The first kit offered will be the CC-40, and lifted from this blog post on Jason’s site, here are initial specs. They may have changed somewhat since he posted these, but it gives you an idea of what will be on offer:
- RX current draw is now around 30 mA, but I’d like to squeeze it down further if I can
- TX is Class E, so TX current draw should be pretty good as well
- Nominal TX output power is 2 W
- MDS should be around -130 dBm (500 Hz BW)
- VFO tuning range approximately 40-50 kHz
- VFO stability is very good (~2 MHz VFO frequency)
- ATmega88 microcontroller for built-in keyer, mute, frequency counter, battery status, etc.
- Other planned bands are 80 m, 30 m, and 20 m. Would like to tweak design for upper bands as well for a future date
You can glean some more info from the various posts on Jason’s blog here.
I think the part that interests me is the low current draw on receive. I already have visions of running my own 40m station with a CC-40 powered entirely by a small solar panel.
Fingers crossed that the beta testing goes well and we’ll be able to buy the CC-40 soon!
3 thoughts on “Etherkit – A New Kit Company”
Thanks for the plug, Dave! I have no problem at all with fair use of the company assets. Specs haven’t changed too much at this point, although the microcontroller has be upgraded to an ATmega168. Costs just a few cents more for twice the flash prog mem. Right now the firmware takes less than 20% of the flash, so there will be plenty of room for others to experiment.
Beta testing will be going soon, so keep your eyes on the website in the next few months for kit availability!

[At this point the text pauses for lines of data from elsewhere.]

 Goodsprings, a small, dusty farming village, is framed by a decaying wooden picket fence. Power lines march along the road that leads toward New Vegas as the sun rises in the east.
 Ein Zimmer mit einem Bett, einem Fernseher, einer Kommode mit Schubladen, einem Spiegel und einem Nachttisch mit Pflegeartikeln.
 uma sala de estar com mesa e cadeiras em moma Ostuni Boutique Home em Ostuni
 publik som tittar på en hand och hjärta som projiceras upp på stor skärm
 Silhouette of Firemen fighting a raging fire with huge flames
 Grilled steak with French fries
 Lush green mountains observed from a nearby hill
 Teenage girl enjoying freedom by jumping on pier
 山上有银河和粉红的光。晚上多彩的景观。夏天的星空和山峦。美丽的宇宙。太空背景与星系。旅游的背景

I forgot to mention one other thing which you might like. I put the PWM-generated sinewave sidetone back in. The microcontroller is now running at 16 MHz, which consumes a lot of current, but I put the uC in sleep mode after every 1 ms interrupt handler loop, so the average current consumption is much better than running it full-bore all of the time. The sine wave is a lot more pleasing than the square wave. 🙂
Jason – I cannot tell you how happy that makes me. The quality of the side-tone makes a big difference to my operating satisfaction, and that in turn influences how much I operate using a particular radio.